## Exercise requirements
From the entries below, write out exactly the lines between the line holding "silkwormlife Visco Güzellik" and the line holding "Lambskin Embellished Vega", inclusive, excluding any pictures.

Short descriptive text snippets:
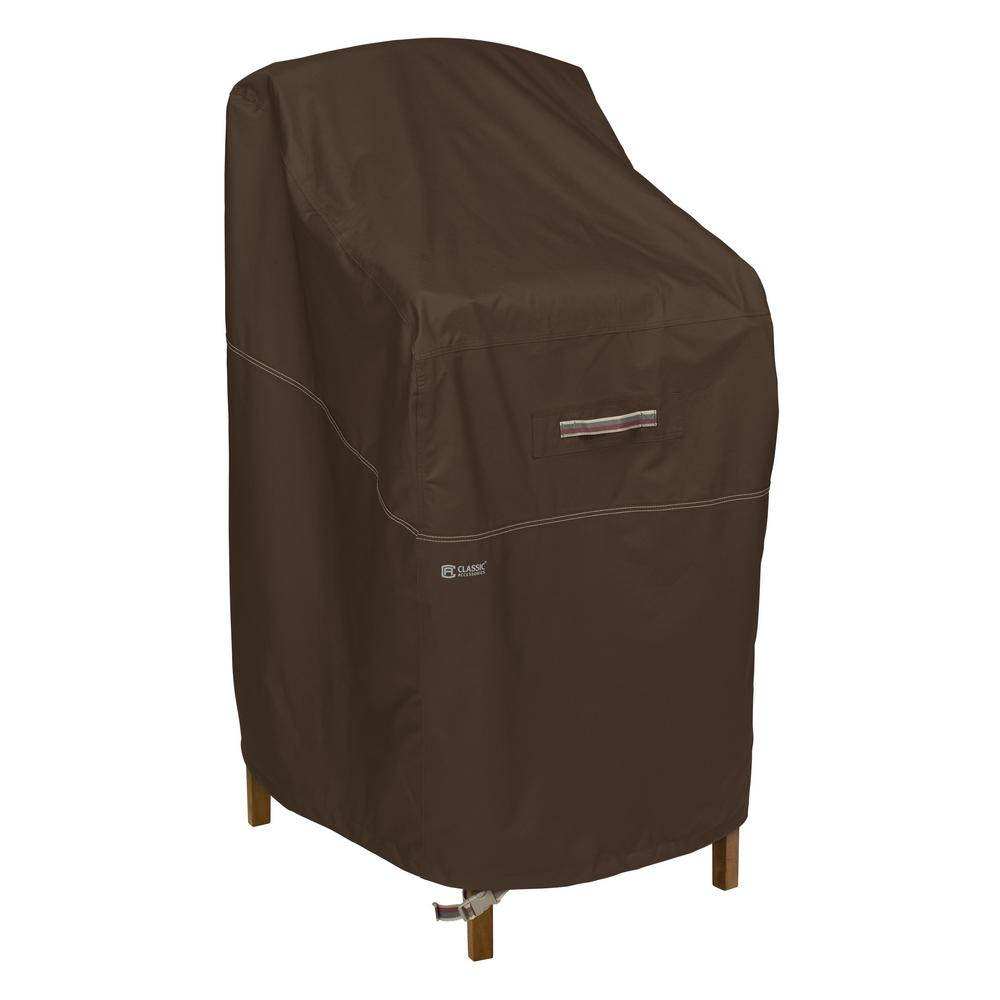 Classic Accessories Madrona Rainproof 28 In L X 26 In W X 48 In H In Dark Cocoa Bar Height Chair Cover with size 1000 X 1000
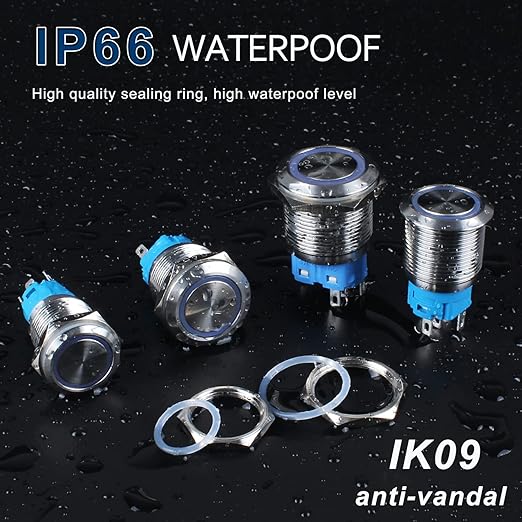 2Pcs 16mm Latching Push Button Switch 12V 24V DC Waterproof Stainless Steel Shell Blue LED 0.63" Mounting Hole with Pre-Wired Scoket Waterproof IP66 SPDT 1NO1NC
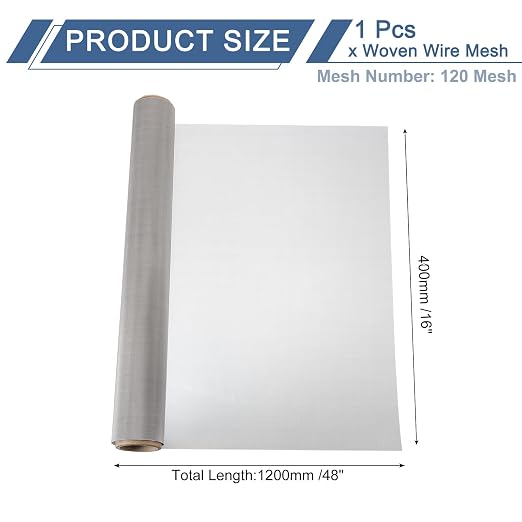 uxcell 120 Mesh 48" x 16" Woven Wire Mesh, 304 Stainless Steel Air Vent Filter - Image 2
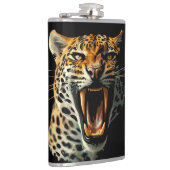 Luipaard brullende aanvalskop heupfles (Rechts)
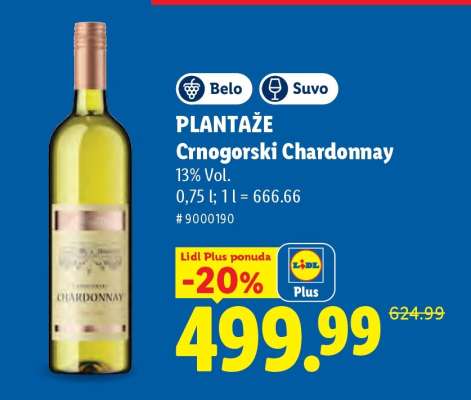 PLANTAŽE Crnogorski Chardonnay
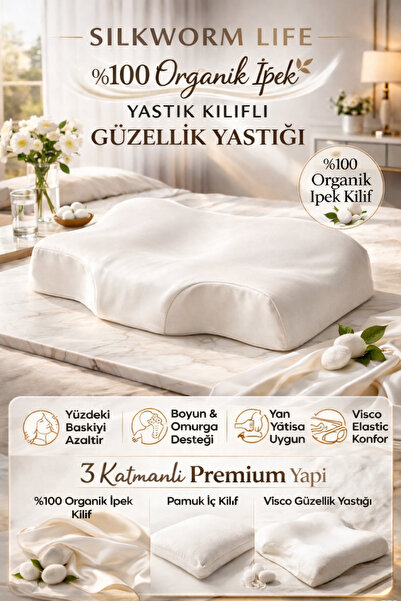 silkwormlife Visco Güzellik Yastığı – Yüz Kırışıklık Karşıtı, % 100 Doğal İpe...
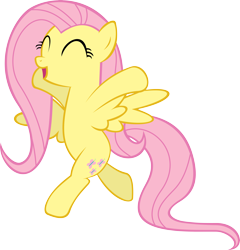 Size: 5266x5480 | Tagged: safe, artist:videogamesizzle, fluttershy, pegasus, pony, the crystal empire, absurd resolution, bipedal, eyes closed, long tail, open mouth, simple background, solo, spread wings, svg, transparent background, vector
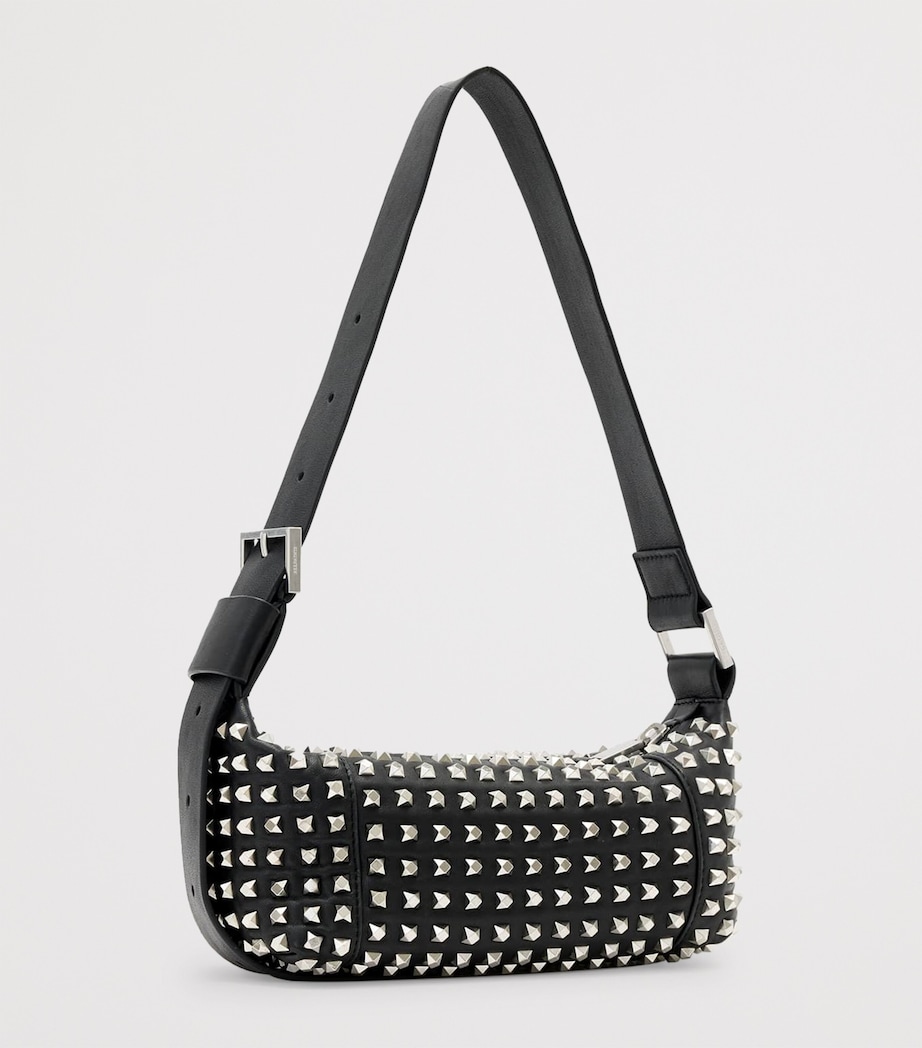 Lambskin Embellished Vega Shoulder Bag BLACK Image 3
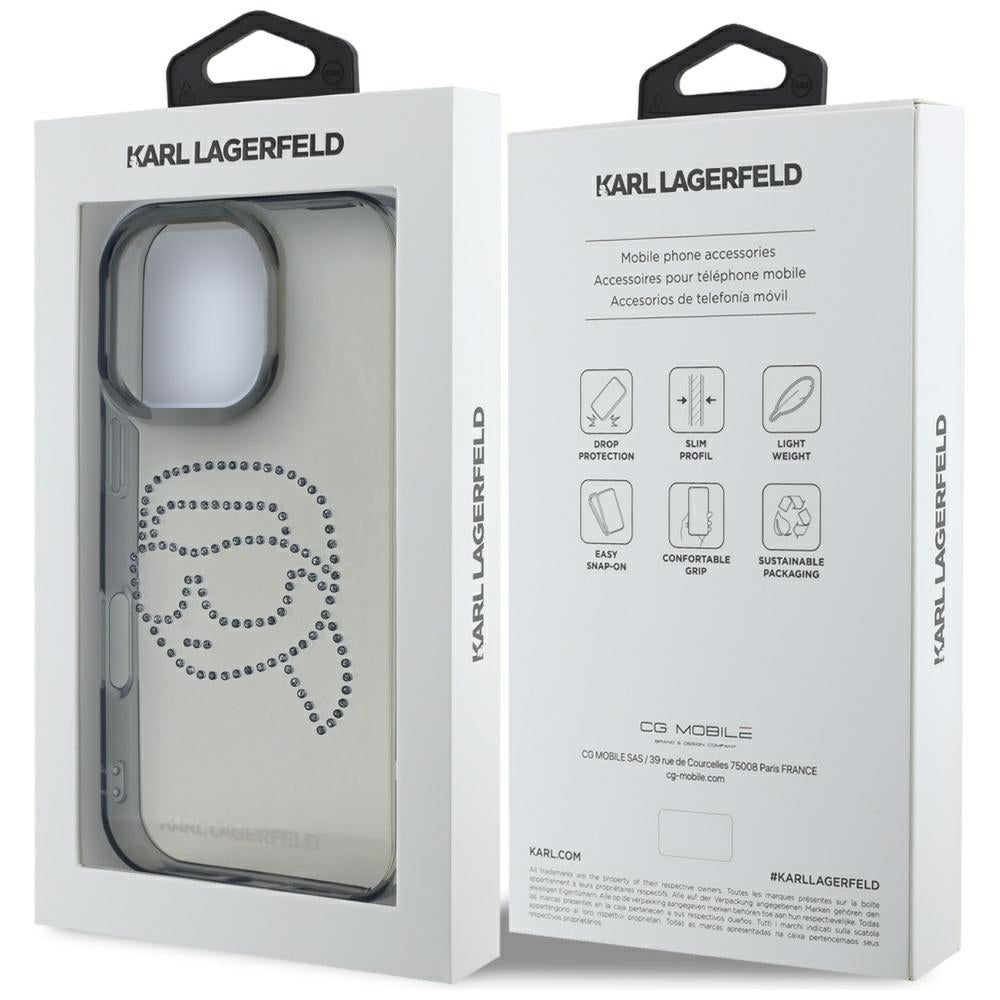 Futrola za Apple iPhone 16 Pro, Karl Lagerfeld, IML Rhinestones Karl's Head, Crna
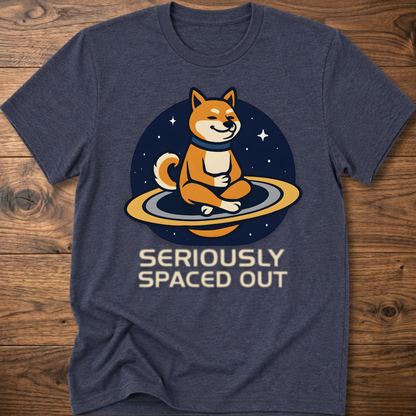 Heather navy dog astronaut graphic t-shirt with "SERIOUSLY SPACED OUT" text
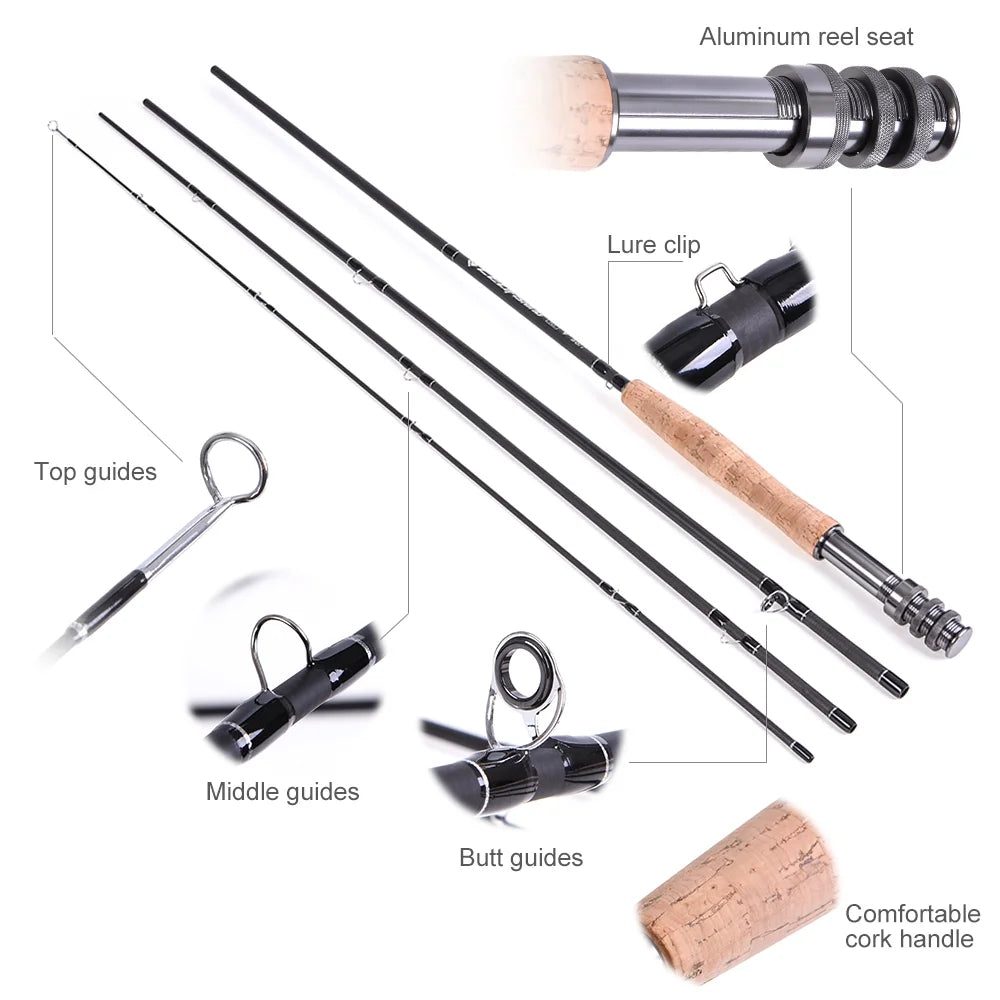 9' Fly Fishing Rod and Reel Combo with Carry Bag 10 Flies Complete Starter Package Fly Fishing Kit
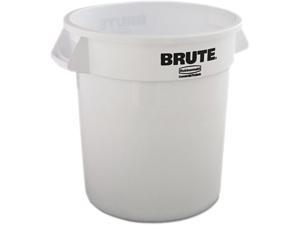 Rubbermaid Commercial Round Brute Container, Plastic, 10 Gal, White 2610WHI
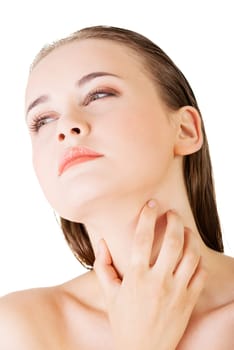 beautiful sensual young woman touching her neck,isolated on white
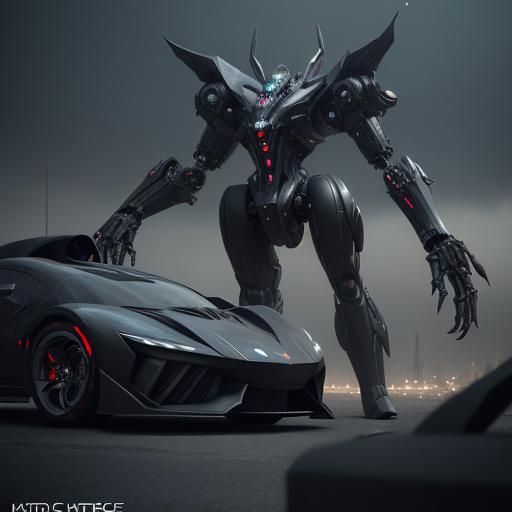 Futuristic Villain Devil Car in Sci-Fi Style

## Answer below
 silkwormlife Visco Güzellik Yastığı – Yüz Kırışıklık Karşıtı, % 100 Doğal İpe...
 Size: 5266x5480 | Tagged: safe, artist:videogamesizzle, fluttershy, pegasus, pony, the crystal empire, absurd resolution, bipedal, eyes closed, long tail, open mouth, simple background, solo, spread wings, svg, transparent background, vector
 Lambskin Embellished Vega Shoulder Bag BLACK Image 3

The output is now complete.